# Repeat costume



## Johnny Thunder (Oct 7, 2004)

Does anyone do the same, or similar, costume every year because they really get into a particular character and enjoy dusting it off each Halloween? Or do you keep coming up with new ideas?


----------



## LV Scott T (Aug 14, 2007)

I was a mummy every year from 1981 until 1991. It started out as just strips of bed sheets wrapped around white shirt & pants (it all ended up around my ankles within an hour). The next year, I added 2-faced (carpet) tape to help keep it in place. After that, I started over with new fabric and sewed some of it permanently to the shirt, to make the wrapping process faster and help keep trouble areas from still coming loose, even with the tape. The entire wrapping process took about 2 hours and required an assistant. Every couple of years, I would remake the costume, making it more pre-fabbed and adding conveniences (like a fly). My final version had a head piece pre-wrapped around the eyes & top of my head that required only a few wraps to finish, a shirt pre-wrapped on the shoulders, upper-chest, & upper-arms, pants pre-wrapped from the waist to the knees and had a hidden pocket for ID & money and a zippered fly, pre-wrapped gloves, and pre-wrapped boots. And, the best part, I could finally wrap myself, without an assistant, and in about 30 minutes. I finally retired the costume in 1991 after someone referred to me as "The Mummy With A Tummy". In 1981, I was 6' 3" and weighed 160 pounds. By 1991, I weighed 210.
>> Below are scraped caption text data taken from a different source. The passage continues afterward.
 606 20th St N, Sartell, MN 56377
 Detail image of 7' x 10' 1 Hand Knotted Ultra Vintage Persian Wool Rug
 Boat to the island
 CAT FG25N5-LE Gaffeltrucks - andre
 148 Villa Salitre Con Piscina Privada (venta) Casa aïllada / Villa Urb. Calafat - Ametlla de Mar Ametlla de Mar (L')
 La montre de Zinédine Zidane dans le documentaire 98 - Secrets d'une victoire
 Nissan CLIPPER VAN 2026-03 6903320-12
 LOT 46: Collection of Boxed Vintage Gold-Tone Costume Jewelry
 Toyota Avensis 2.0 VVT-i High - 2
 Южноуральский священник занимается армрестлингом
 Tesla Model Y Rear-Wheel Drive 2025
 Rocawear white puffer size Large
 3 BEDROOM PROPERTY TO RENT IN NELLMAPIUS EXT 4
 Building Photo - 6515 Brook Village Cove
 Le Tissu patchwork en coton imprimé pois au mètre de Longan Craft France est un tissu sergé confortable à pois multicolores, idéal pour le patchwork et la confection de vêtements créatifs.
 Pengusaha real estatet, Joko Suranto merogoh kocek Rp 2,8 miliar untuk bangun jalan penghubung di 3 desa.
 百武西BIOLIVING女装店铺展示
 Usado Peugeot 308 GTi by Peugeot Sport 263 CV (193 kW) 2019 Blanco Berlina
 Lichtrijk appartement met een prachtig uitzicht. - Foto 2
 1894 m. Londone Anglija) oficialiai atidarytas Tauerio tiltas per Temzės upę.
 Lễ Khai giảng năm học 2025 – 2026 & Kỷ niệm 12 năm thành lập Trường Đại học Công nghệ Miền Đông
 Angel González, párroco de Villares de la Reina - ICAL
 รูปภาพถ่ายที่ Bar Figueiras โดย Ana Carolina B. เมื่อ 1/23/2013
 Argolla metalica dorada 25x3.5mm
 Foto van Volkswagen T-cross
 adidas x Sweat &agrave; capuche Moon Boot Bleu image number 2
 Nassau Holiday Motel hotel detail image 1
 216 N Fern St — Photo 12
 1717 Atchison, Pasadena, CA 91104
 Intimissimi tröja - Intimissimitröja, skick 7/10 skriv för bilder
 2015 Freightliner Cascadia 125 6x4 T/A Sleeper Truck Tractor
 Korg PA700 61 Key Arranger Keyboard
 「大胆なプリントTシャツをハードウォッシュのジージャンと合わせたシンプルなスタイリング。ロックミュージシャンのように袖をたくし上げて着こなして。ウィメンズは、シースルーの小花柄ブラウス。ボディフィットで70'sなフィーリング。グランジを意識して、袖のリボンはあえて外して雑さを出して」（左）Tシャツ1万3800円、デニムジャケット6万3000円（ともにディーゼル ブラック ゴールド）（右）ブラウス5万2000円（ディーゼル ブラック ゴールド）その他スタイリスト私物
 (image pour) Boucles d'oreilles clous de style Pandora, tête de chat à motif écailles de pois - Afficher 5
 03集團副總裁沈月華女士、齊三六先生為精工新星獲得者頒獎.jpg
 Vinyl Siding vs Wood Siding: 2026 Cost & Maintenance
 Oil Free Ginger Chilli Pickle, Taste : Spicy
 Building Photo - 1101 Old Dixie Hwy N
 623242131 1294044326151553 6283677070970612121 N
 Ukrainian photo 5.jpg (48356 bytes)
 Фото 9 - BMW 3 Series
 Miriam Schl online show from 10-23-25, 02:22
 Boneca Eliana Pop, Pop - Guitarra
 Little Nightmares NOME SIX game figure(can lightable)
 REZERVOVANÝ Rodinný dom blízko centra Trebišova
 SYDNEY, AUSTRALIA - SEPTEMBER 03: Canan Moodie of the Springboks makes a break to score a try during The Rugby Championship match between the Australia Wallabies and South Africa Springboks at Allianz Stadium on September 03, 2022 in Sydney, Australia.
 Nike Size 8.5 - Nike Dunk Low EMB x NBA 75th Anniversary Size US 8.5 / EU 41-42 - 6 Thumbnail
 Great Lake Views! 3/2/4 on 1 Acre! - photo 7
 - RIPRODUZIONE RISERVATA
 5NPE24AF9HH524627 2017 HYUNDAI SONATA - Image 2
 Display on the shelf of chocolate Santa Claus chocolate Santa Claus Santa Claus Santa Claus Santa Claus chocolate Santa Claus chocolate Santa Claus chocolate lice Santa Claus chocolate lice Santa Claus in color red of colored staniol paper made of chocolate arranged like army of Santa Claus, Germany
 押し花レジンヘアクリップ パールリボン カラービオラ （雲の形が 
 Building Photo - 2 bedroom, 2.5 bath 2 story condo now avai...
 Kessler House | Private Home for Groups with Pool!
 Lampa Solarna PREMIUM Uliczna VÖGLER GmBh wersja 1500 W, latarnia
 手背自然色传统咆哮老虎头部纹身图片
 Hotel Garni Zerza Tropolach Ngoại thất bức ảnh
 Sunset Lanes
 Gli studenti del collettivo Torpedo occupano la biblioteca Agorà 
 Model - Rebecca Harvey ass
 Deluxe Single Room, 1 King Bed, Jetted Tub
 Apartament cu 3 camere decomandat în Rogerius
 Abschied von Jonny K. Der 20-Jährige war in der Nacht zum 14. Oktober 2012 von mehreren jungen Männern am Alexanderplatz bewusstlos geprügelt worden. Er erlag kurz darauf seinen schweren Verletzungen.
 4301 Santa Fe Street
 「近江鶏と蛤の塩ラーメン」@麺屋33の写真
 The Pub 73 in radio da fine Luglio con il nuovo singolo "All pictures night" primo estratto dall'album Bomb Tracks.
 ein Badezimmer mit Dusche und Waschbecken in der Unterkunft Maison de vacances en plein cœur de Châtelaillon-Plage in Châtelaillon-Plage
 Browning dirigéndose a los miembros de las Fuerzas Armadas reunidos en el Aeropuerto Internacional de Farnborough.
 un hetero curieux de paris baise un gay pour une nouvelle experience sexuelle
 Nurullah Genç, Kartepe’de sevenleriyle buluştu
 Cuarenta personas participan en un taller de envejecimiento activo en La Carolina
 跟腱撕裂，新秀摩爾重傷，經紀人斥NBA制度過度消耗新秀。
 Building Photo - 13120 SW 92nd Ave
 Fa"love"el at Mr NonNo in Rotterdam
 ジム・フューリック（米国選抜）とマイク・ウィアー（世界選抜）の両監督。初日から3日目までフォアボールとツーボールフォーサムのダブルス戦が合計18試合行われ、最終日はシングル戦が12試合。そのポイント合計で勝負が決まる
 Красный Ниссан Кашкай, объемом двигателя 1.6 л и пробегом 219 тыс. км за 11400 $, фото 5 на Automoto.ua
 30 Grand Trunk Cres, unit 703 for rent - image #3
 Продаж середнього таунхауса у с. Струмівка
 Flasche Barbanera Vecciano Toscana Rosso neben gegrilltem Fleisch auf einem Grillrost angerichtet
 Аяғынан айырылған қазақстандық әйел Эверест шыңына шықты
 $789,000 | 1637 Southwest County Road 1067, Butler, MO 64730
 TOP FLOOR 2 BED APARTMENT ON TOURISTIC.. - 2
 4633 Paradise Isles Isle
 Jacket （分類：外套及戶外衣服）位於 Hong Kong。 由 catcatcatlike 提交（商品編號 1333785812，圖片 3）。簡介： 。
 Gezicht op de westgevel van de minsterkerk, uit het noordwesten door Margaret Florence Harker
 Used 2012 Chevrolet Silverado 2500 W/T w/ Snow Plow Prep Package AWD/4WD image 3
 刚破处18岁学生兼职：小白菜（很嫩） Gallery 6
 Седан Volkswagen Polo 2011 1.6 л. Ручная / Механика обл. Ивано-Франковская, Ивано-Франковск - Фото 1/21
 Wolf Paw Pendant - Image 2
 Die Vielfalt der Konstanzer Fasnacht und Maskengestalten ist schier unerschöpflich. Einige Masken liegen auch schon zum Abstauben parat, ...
I have been something different every year since then.


----------



## CaptnJackSparrow (Jul 5, 2007)

Mummy with a Tummy... now THATS funny!!! 

I sorta change every year.. as an adult I've been Frankenstien, Dracula, A Ghost, Doctor(scubs, stethescope) airplane crash victim (had a propeller sticking outta my chest, my favorite), zombie, ghoul, reaper, GI Joe, mad doctor... for '07 with my pirate ship I was Capt. Jack, the wife was Tia Damla(Calypso), the 2 daugthers were pirate wenches.. As the Pirate ship will now be a 4-5yr project, Capt. Jack, Barbosa, Keith Richards Pirate King.. maybe even Kevin Kline  will find its way onto me..


----------



## Madame Turlock (Nov 2, 2007)

> "The Mummy With A Tummy".


That's a good one. Funny what time can do to us. I'm thinking a lot of whispy fabric for a ghost costume sounds better every day.


----------



## GDfreak (Jul 11, 2006)

Vampire! every year since I was 13. lol! my first vamp costume I was 5 than again when I was 9. How ever next year I might be lucifer.


----------



## DeathDealer (Jun 18, 2004)

I have gone as Brodie Bruce (_Mallrats[/i) every year since 2001 for a non-costume costume.
I've gone as Zeke Stone (Brimstone) a couple of times, and probably will again._


----------



## Jackielantern (Oct 31, 2005)

"Mummy with a Tummy" 

Different every year. I've been Bride of Frankenstein, Mummy, Black Widow, Marrionette, A part of the Fruit of the Loom gang, Vampire, Marvin the Martian, Witch, Dead English Maid, Drowned Victorian Lady.


----------



## Dr. Z (Nov 22, 2007)

I often dress up as the _Phantom of the Opera_ because I like that character and I improve the make-up. And If I have no ideas or can't make a new costume I wear my dear old Ghost Face _Scream_'s killer costume. It's a very popular costume in France but it's a hit every time.


----------



## Madame Turlock (Nov 2, 2007)

The phantom is a pretty classy guy. Good choice Dr. Z


----------



## Dr. Z (Nov 22, 2007)

Thanks Madame Turlock !
Sure the Phantom is classy, that's one of the reason why I like him. This poor doomed musician coming out of literature... I have a lot of sympathy with him. It's the ideal character for me 

But I also was very inspired by Mz Skull Jigsaw's Puppet costume . (Deepest congratulations Mz Skull)
http://halloweenforum.com/showthread.php?t=65571 
I'm working on it for scry out the streets next year... 

to be continued... lol


----------



## Madame Turlock (Nov 2, 2007)

Dr. Z I checked out the link you posted to Ms. Skull's costume. Her comment about following people and not making a comment really brought back memories. One year at the office someone came to work in a gorilla costume. They didn't say anything all day, they would just get in your face and stare at you. It was really freaky. Then another person was wearing a devil mask. They didn't speak either. They would just stick their sharp pointed tounge through the mask and get in your face. I have to admit, it made you feel really uncomfortable and creeped out. Great haunting strategy don't you think?


----------



## MHooch (Jun 15, 2007)

I have tried lots of different things over the years (mummy, Bride of Frankenstein, gypsy, pirate, vampire, spider lady, ) but I keep coming back to witches...they are just my favorite. I've been some incarnation of a witch more often tha any other costume.


----------



## Johnny Thunder (Oct 7, 2004)

Thanks for all of your replies.

The reason I ask is that every year my wife and I do a different costume and it's always a lot of fun. However, this Spring we are most likely selling our current home and moving - maybe about an hour/hour and a half away...........and I loved my costume this past Halloween (The Incredible Two Headed Transplant - what fun!) and I'd like to do it again, but part of me feels lazy 'repeating' the costume. 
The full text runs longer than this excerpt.